Urinary bladder cancer is one of the most important cancers of the urinary-sex system, causing high morbidity and mortality in many patients. Various methods of treating this type of cancer have been developed over the years. The most popular is the highly effective method using Bacillus Calmette-Guerin, which has an effective effect on a large percentage of patients. However, due to the genetic instability of bladder cancer and the individual needs of patients, different methods of treatment are being sought. Immunological control points are molecules on the surface of the cell that affect the immune response and reduce the strength of the immune response. Among these checkpoints, PD-1 inhibitors (the protein that is programmed to kill cell-1) /PD-L1 (the ligand of the protein that is programmed to kill cell 1) are intended to block these molecules, resulting in activation of T cells, and bladder cancer have been described as the use of atezolizumab, awelumab, durwalumab, niwolumab and pembrolizumab. The inhibition of another key immunological control point, CTLA-4 (cytotoxic T-lymphocyte antigen), may result in mobilisation of the immune system against bladder cancer, and anti-CTLA-4 antibodies discussed the use of Ipilimumab and Tremelimumab. In addition, there are several different approaches to the effective treatment of bladder cancer, such as the use of ganciclovir kinase inhibitors and mTOR (mammalian rapamycin target), IL-12 (interleukin-12) and COX-2 (cyclooxygenase-2). Genetic therapy and disruption of different signal paths are currently being studied. Studies suggest that combining several methods increases the efficacy of treatment and positive results in the patient. 
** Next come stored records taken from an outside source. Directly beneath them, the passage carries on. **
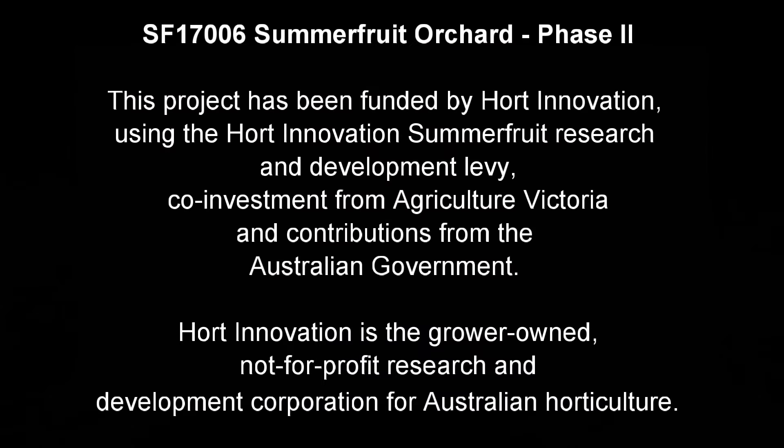Hello, I'm Mark O'Connell, Senior Research Scientist at Agriculture Victoria based at Tatura Smart Farm.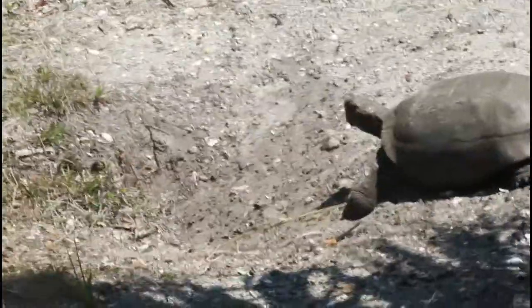Speaking of gopher tortoises, this is a relatively large individual who has just started on a new burrow. He had to stop right when I started recording, but before I started recording video he was actively digging — raising his head up and down to check around the area. You can see it's pretty fresh; it's not even a foot deep yet.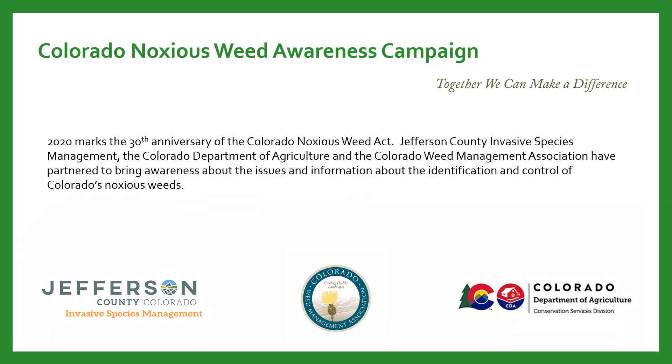Thank you for joining us with the Colorado Noxious Weed Awareness Campaign. 2020 marks the 30th anniversary of the Colorado Noxious Weed Act. The campaign is a joint effort between Jefferson County Invasive Species Management, the Colorado Department of Agriculture, and the Colorado Weed Management Association.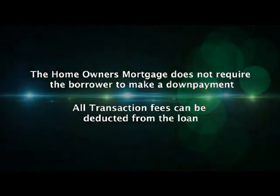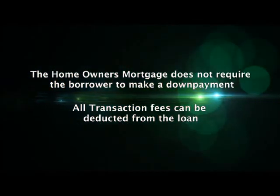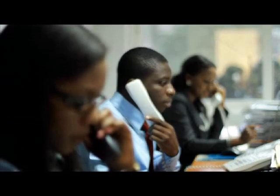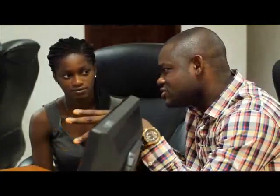Furthermore, subject to terms and conditions, transaction fees can be deducted from the loan, meaning the borrower will not need to make out-of-pocket expenses. Please ask your Ghana Home Loans analyst for the specific conditions that could be attached to your homeowner's loan and seek clarification on any questions relating to the homeowner's mortgage.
bladder cancer immunotherapy checkpoint inhibitor

1. Entry

Urinary bladder cancer (BC) is the sixth most widely recognised cancer in men around the world and the tenth when considered together between men and women [1]. The age-standardised global maturity index (per 100 000 persons / years) is 9,6 for men and 2,4 for women [1]. In Europe, the general age standard is 20,2 for men and 4,3 for women. Greece has the highest standard of age for all European countries (40,4 for men and 4,5 for women) and Austria has the lowest (9,9 for men and 3,0 for women) [1]. In 2018 year around the world, around 550 000 new BC cases were diagnosed, with 200 000 deaths [1]. The incidence of BC has increased in many European countries, although mortality rates have fallen in more developed regions. As the population ages and grows, the absolute incidence of BC can continue to grow in European countries [2].

Smoking is the most important risk factor for BC. This is related to 50-65% male and 20-30% female cases. The incidence of BC is directly related to the length of smoking and the number of cigarettes smoked per day [2][3]. Professional factors are considered to be the second most important risk factor for BC [3]. Workers exposed to aromatic amines, polycyclic aromatic hydrocarbons, tobacco and tobacco smoke, combustion products and heavy metals are at increased risk [4].

Urinary bladder urotelial cancer is the most common histological type of cancer. In more than 70% cases, it is recognised at a non-invasive stage requiring only minimal invasive local treatment. Unfortunately, the disease has a high rate of relapse and repeated treatment may be necessary. Conversely, the stages of invasive and metastatic disease require multi-modal treatment strategies, including surgical treatment and chemotherapy under non-adjuvant, complementary or palliative conditions [5]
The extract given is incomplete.